((
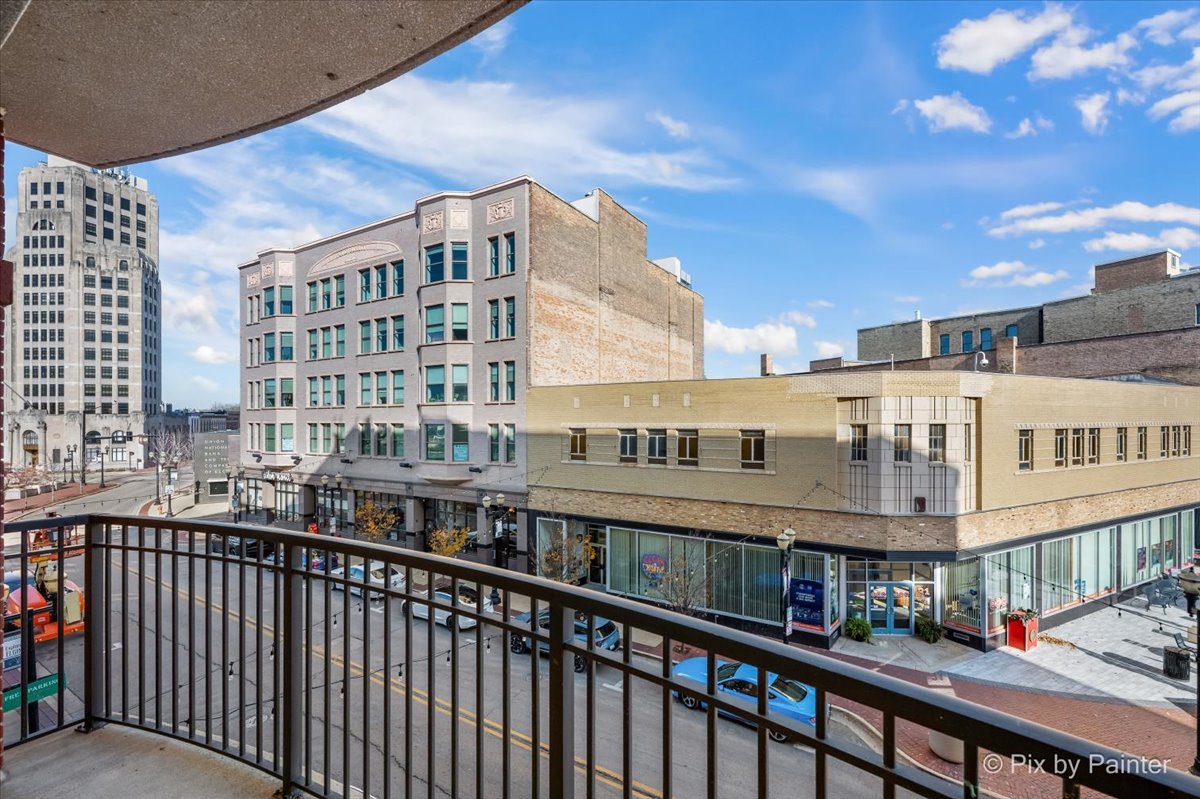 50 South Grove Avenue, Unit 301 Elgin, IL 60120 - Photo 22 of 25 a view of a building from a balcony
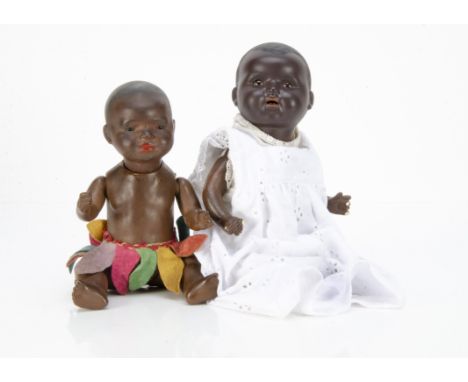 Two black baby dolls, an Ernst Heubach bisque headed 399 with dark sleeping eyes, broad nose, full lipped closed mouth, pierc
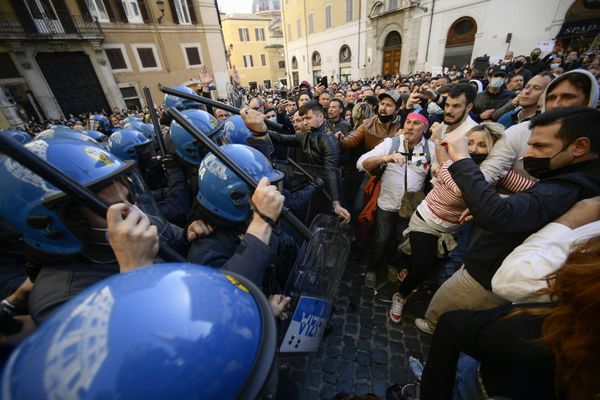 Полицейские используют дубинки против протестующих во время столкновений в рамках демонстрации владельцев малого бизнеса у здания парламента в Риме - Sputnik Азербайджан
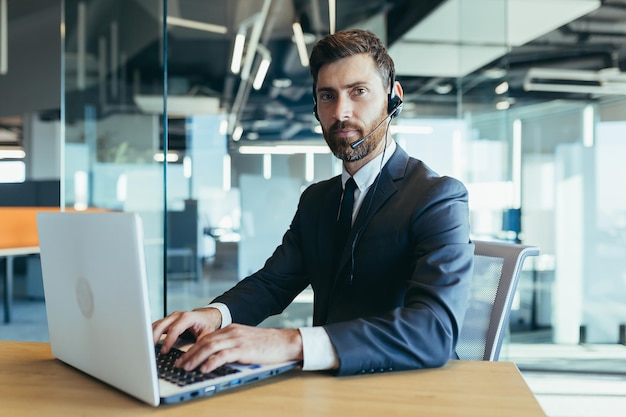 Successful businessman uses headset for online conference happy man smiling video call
))
Please set down the whole listing exactly, apart from the pictures.

 50 South Grove Avenue, Unit 301 Elgin, IL 60120 - Photo 22 of 25 a view of a building from a balcony
 Two black baby dolls, an Ernst Heubach bisque headed 399 with dark sleeping eyes, broad nose, full lipped closed mouth, pierc
 Полицейские используют дубинки против протестующих во время столкновений в рамках демонстрации владельцев малого бизнеса у здания парламента в Риме - Sputnik Азербайджан
 Successful businessman uses headset for online conference happy man smiling video call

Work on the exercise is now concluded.